**WHAT THIS TASK INVOLVES:** Beneath this instruction is a block of data; output from it exactly the lines that run from the one containing "Sergen Yalçın istifa etti" through the one containing "BEDSTU short leather boots", inclusive.

Segment Open

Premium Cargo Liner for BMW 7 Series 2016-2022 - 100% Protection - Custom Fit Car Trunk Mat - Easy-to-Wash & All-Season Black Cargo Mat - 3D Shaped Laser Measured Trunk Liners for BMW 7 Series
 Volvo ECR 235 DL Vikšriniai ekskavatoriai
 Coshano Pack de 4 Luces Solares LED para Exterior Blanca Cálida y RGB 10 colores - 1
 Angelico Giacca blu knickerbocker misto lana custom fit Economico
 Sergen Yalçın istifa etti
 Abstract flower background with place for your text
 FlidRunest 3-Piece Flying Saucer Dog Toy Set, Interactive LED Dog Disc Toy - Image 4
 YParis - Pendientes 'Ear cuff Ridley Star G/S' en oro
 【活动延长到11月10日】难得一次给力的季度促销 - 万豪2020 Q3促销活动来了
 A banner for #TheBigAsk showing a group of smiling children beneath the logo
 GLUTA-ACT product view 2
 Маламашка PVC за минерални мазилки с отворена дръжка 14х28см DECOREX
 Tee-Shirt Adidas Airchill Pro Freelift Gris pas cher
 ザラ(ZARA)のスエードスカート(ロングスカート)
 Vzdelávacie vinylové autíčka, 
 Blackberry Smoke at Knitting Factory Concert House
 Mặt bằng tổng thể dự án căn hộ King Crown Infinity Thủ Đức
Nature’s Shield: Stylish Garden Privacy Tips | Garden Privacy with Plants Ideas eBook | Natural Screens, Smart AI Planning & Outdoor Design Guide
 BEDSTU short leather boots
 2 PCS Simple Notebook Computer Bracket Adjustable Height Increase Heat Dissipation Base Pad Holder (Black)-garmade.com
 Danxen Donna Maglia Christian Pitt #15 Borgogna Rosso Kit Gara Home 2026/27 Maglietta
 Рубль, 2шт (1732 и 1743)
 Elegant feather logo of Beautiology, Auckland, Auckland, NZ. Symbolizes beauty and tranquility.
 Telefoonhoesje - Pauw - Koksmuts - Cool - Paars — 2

Segment Closed

**PROBLEM SOLUTION:**
 Sergen Yalçın istifa etti
 Abstract flower background with place for your text
 FlidRunest 3-Piece Flying Saucer Dog Toy Set, Interactive LED Dog Disc Toy - Image 4
 YParis - Pendientes 'Ear cuff Ridley Star G/S' en oro
 【活动延长到11月10日】难得一次给力的季度促销 - 万豪2020 Q3促销活动来了
 A banner for #TheBigAsk showing a group of smiling children beneath the logo
 GLUTA-ACT product view 2
 Маламашка PVC за минерални мазилки с отворена дръжка 14х28см DECOREX
 Tee-Shirt Adidas Airchill Pro Freelift Gris pas cher
 ザラ(ZARA)のスエードスカート(ロングスカート)
 Vzdelávacie vinylové autíčka, 
 Blackberry Smoke at Knitting Factory Concert House
 Mặt bằng tổng thể dự án căn hộ King Crown Infinity Thủ Đức
Nature’s Shield: Stylish Garden Privacy Tips | Garden Privacy with Plants Ideas eBook | Natural Screens, Smart AI Planning & Outdoor Design Guide
 BEDSTU short leather boots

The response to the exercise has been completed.